* **Your objective**
Write out the data exactly as given, dropping every picture.

* **Dataset content**
*** Begin section ***

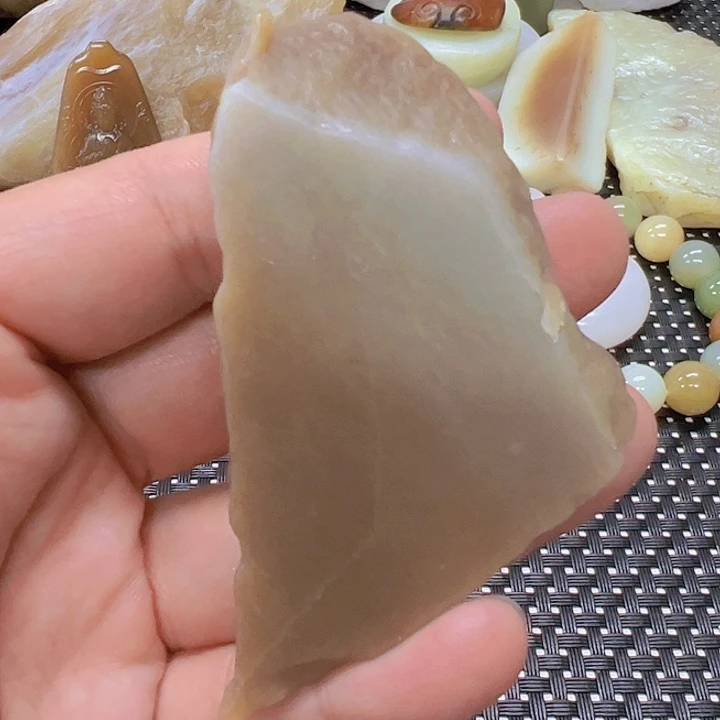 和田玉未镶嵌珠宝半成品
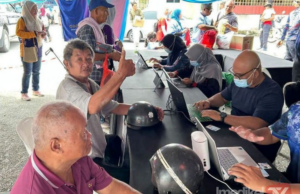 JPJ PAHANG AGIH 600 UNIT TOPI KELEDAR KEPADA KOMUNITI RAUB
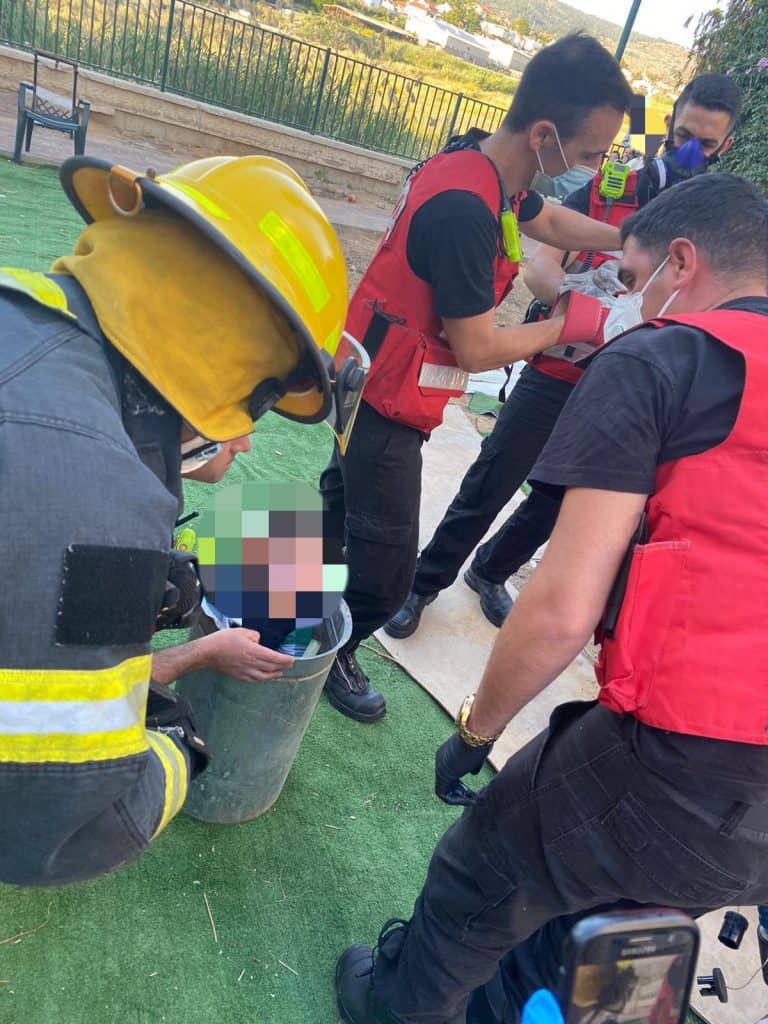 בת 4 נלכדה בתוך פח אשפה בבית שמש: הכבאים חילצו בת 4 נלכדה בתוך פח אשפה בבית שמש: הכבאים חילצו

*** End section ***

* **Output for this task**
 和田玉未镶嵌珠宝半成品
 JPJ PAHANG AGIH 600 UNIT TOPI KELEDAR KEPADA KOMUNITI RAUB
 בת 4 נלכדה בתוך פח אשפה בבית שמש: הכבאים חילצו בת 4 נלכדה בתוך פח אשפה בבית שמש: הכבאים חילצו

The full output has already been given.